W 1/8 finału Pucharu Polski KPR Legionowo podejmował w Arenie zespół Energa MKS Kalisz. Przypomnijmy. W poprzedniej rundzie legionowscy szczypiorniści nie mieli problemów z KS Szczypiorniakiem Dąbrowa Białostocka. Wygrali 21 bramkami.
Przeciwnicy są beniaminkiem Superligi, ale dzielnie sobie poczynają na jej parkietach. W 2018 roku nie odnotowali porażki w rozgrywkach. Na rozkładzie mają takie zespoły jak Sandra-Spa Pogoń Szczecin, Spójnia Gdynia, Wybrzeże Gdańsk, Meble Wójcik Elbląg czy Piotrkowianina Piotrków Trybunalski. W Pucharze Polski kaliska drużyna rozprawiła się z pierwszoligowcem ASPR-em Zawadzkie 37:30.
Bramkarze pokazali klasę
To był mecz obu bramkarzy. Po stronie gospodarzy niesamowite interwencje notował Mikołaj Krekora. Po stronie gości Łukasz Zakreta. Jeden i drugi bronili jak w transie, dlatego wynik pierwszej połowy był bardzo niski – 10:6 dla gości.

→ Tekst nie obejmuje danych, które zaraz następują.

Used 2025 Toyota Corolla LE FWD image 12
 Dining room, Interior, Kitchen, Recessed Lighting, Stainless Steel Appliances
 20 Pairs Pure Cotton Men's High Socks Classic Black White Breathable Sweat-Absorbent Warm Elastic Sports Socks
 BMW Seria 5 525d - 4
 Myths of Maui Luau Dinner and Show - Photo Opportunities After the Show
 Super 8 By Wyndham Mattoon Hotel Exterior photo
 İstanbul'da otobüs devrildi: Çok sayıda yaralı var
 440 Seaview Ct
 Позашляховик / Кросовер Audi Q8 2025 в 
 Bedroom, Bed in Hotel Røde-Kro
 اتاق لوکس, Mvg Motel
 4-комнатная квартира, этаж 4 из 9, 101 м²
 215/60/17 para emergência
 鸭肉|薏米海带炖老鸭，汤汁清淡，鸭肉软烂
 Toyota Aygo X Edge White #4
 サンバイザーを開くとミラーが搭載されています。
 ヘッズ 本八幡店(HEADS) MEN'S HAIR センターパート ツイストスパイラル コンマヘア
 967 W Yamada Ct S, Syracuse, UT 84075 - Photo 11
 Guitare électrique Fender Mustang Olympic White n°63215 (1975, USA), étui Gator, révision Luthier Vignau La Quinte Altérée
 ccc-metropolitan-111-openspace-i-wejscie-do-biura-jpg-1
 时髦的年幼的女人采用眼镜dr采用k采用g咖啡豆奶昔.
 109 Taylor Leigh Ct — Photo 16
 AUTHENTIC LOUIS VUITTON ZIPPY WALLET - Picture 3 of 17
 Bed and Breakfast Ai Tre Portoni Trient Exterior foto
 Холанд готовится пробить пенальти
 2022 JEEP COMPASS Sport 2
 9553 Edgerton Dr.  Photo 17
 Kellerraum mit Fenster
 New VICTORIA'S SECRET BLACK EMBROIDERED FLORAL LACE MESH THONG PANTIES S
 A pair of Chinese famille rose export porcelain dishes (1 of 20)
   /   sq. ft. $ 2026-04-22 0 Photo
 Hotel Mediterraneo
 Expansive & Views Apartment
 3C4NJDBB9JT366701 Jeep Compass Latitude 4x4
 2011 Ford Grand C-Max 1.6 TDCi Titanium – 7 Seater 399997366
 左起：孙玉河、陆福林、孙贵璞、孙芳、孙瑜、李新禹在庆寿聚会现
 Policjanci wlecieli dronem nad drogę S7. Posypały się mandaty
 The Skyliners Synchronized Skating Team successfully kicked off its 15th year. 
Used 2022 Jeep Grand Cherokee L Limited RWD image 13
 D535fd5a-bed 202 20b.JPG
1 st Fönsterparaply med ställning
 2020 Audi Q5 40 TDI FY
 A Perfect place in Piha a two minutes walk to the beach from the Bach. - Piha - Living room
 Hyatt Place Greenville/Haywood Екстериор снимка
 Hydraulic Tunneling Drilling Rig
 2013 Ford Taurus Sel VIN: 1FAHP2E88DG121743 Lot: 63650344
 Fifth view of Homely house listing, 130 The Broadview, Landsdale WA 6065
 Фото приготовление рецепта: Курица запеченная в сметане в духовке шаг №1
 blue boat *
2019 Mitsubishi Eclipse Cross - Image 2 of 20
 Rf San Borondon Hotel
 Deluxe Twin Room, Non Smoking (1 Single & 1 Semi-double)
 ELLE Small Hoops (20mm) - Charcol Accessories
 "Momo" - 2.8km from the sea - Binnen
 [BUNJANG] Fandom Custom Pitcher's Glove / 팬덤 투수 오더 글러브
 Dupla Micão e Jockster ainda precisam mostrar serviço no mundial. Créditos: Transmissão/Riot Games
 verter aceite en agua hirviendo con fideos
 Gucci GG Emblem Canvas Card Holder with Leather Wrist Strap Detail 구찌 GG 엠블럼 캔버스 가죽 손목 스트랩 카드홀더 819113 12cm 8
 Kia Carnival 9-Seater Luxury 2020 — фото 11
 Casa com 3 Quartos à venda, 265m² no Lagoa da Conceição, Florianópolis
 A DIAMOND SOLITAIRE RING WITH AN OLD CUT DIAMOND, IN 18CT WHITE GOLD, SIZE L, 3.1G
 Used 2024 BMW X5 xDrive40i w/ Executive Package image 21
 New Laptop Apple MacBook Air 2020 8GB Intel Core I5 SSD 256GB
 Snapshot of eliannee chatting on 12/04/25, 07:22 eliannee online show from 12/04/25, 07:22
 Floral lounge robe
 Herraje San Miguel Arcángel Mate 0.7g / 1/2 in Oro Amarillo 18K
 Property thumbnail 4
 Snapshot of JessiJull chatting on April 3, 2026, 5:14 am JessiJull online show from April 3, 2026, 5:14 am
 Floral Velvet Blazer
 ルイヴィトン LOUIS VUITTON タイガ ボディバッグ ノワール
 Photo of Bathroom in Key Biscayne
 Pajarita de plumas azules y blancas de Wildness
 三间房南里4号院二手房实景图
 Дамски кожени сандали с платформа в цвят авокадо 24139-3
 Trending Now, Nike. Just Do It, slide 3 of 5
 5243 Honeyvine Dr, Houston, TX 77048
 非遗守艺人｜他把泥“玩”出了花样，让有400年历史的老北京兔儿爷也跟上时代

MKS kontrolował przebieg spotkania
KPR walczył o każdą piłkę. Starał się niwelować prowadzenie kaliszan, ale goście pokazali, że nie przez przypadek zajmują wysokie miejsce w rozgrywkach Superligi PGNiG. Jeszcze w 33 minucie legionowianie przegrywali 7:11, jednak w 36 minucie mieli już siedem bramek na minusie. MKS kontrolował przebieg wydarzeń na parkiecie Areny. Na nic zdał się doping Klubu Kibica KPR-u i nielicznej publiczności. Choć trzeba przyznać, że rozprężenie w szeregach kaliskiej drużyny mogło się na nich zemścić. KPR rzucił się w pogoń (oby w niedzielę nie trzeba będzie rzucać się w pogoń za… Pogonią) i przewaga MKS-u stopniała do czterech bramek. Mogło być mniej, ale KPR marnował świetne sytuacje, tracił piłki w ataku i nieskutecznie wykonywał rzuty karne. Ostatecznie goście wygrali siedmioma bramkami i zameldowali się 1/4 finału Pucharu Polski.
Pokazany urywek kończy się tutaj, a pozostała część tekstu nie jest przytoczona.